The Manor's breakfast room was a beautiful, lofty space with wide windows that promised a good view over the Manor's front yard. The small village of Willowbend could be seen in the distance, several pillars of smoke rising up through the air from the rocky chimneys. Heavy, white velvet curtains that were sewn with silver and green hung protectively at the sides of the two glass doors. These doors led out to an enormous balcony that circled around the entire mansion like a great, overly decorated eaves.

Draco was currently leaning against the railing of said balcony, sipping quietly at his morning tea. It was nine thirty in the morning, and he was already wondering how long he would have to put up with his new and exceptionally annoying guests. They had been in his house for eleven hours already, and that was longer than anyone had been there in the past nine years; the house had been practically abandoned ever since the happenings of the summer 1996.

Draco remembered that particular summer well. Aunt Bellatrix and Uncle Rodolphus had been visiting them very frequently at the time. Aunt Bellatrix had been teaching him Occlumency, and Uncle Rodolphus had been just drinking night and day, gloating about his past deeds for the Dark Lord. Draco remembered wishing his father were there to shut the man's mouth, but of course he wasn't. Because of Potter.

Draco felt a heavy feeling strangling his heart when his thoughts turned to Potter.
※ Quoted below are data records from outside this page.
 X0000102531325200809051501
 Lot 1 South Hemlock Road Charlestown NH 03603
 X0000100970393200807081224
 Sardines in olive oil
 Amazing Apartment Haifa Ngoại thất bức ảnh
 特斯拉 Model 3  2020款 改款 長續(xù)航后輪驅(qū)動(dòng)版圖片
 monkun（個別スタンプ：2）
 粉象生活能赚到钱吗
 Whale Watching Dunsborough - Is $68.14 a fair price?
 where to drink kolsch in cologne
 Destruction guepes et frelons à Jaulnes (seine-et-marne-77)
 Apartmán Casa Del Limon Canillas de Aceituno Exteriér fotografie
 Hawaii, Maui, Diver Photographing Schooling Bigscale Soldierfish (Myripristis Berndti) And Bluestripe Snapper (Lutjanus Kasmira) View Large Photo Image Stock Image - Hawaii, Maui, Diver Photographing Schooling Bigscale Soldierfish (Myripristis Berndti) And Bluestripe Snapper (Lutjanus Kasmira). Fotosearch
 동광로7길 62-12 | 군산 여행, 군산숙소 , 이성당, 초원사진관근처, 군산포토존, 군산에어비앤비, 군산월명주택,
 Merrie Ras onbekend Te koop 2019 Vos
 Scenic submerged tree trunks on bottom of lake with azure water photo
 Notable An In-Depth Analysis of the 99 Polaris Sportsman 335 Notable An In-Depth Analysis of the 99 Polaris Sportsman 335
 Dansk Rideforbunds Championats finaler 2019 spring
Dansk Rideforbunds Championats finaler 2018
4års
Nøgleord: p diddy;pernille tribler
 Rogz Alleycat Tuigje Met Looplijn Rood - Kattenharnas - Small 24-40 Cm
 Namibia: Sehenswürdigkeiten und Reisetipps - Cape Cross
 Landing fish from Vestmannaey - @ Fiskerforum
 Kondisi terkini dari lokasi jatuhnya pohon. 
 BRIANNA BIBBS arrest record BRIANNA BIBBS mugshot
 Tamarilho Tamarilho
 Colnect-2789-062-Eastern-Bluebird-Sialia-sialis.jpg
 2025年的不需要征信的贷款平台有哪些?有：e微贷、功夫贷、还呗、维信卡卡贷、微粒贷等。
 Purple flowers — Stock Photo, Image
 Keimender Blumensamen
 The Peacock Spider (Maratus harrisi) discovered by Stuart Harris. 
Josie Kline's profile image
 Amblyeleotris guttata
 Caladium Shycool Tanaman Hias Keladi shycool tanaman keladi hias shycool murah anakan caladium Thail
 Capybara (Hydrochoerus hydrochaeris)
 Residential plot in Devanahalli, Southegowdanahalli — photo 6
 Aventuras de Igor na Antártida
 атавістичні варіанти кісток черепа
He didn't exactly want to know what it meant.

Draco squeezed the handle of his tea cup and tried to concentrate on the present moment. He realised that he was rather uncomfortable with having so many strange people residing in his house, when all he wanted now was to be alone. One couldn't just tell them to sod off, right? Luckily none of them were Mudbloods; otherwise his parents –rest their wicked souls- would have experienced simultaneous posthumous seizures in their lovely family crypt. Longbottom and Lovegood managed to be even _purebloods_, heaven forbid.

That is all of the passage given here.